夏に活躍する携帯扇風機。しかし、やりがちな“使い方”には実は危険なものがあります。「落とすなどして強い衝撃が加わった」場合に、内蔵のバッテリーが爆発、首から下げた携帯扇風機が吹き飛び顔面にも向かうことが起こり得るとして、消防局や独立行政法人・製品評価技術基盤機構(NITE)が注意を呼びかけています。(朝日新聞デジタル企画報道部・朽木誠一郎)
6月13日、尼崎市消防局は、公式インスタグラムアカウントに「携帯型扇風機 大爆発」というタイトルの動画を投稿しました。
動画ではマネキンの首に下げた携帯型扇風機が「バーン」という激しい音を立てて爆発する様子を紹介しています。SNSには「全く知りませんでした」「本当に怖いですね」と驚きの声が集まっています。
市消防局を取材しました。この動画を投稿したのは「全国的に電気火災が増えてきている」ため。損傷したバッテリーや過充電による火災事例があるため、注意喚起に至ったとのことでした。

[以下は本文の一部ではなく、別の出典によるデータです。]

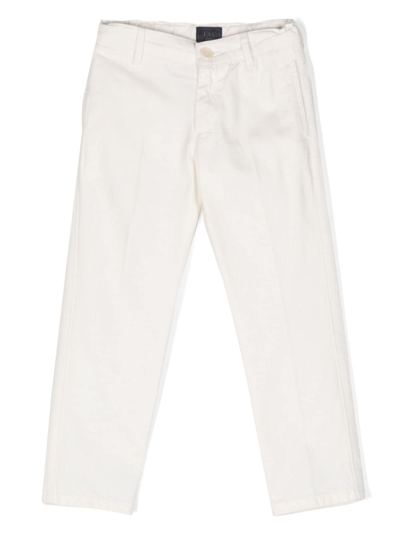 Shop Fay Slim-cut Cotton Chino Trousers In White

携帯型扇風機が爆発する原因として、市消防は「もちろん通常通り使う分には問題はありません」とした上で、「しかし、一度、地面に落としたり、強い衝撃を与えてしまった場合は、使用するのをやめてください」「また、過充電といって、必要以上に充電をすることは控えてください」と説明、注意喚起しました。

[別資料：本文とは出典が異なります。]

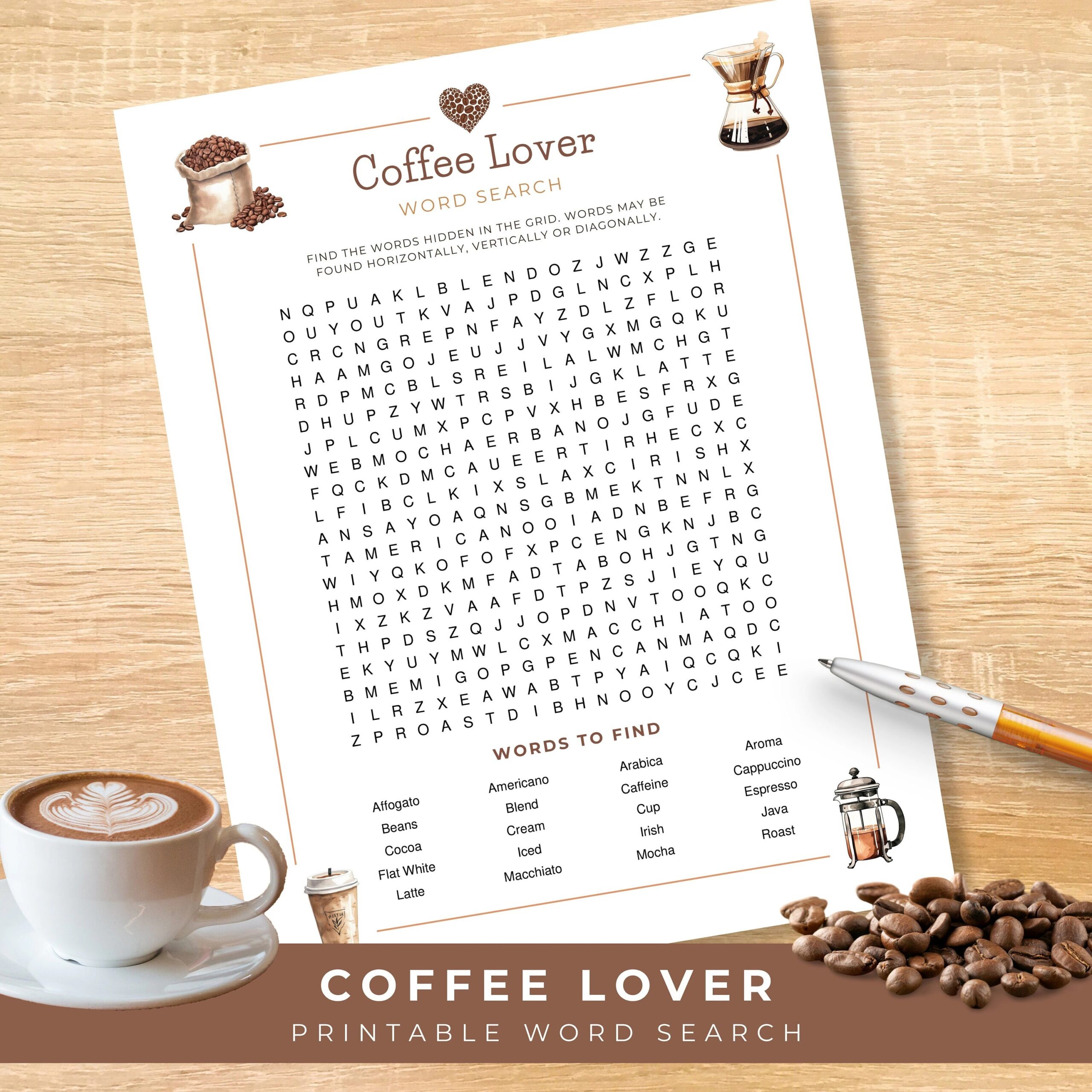 Printable Word Search Coffee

市消防が許可を得て紹介したのは、独立行政法人・製品評価技術基盤機構(NITE)による実験動画。NITEによると、携帯用扇風機は、手軽で便利である一方、2019年から2021年までの3年間で47件の事故が報告されているそうです。
NITEは、安全に使用するために、まず製品を選ぶ基準として、「製造・輸入事業者や販売元が確かであること」を挙げ、特にインターネットで購入した場合に「事故発生後に事業者に問い合わせをする際、連絡先が不明であったり、海外の連絡先しか掲載されていない場合がある」と指摘しました。
また、使用時、カバンなどから取り出す際などに落下させて、強い衝撃が加わることで、「内蔵のリチウムイオンバッテリーが変形し、内部でショートを起こすこともある」そうです。
「そのまま使い続けると煙や炎が吹き出したり、最悪、破裂する恐れがある」ため、「強い衝撃を与えてしまった場合は使用を中止し、製造・輸入業者などに相談する」ことを推奨しています。
また、万が一、発煙・発火などで対処が困難と判断した場合は、直ちに避難するとともに119番通報するよう呼びかけました。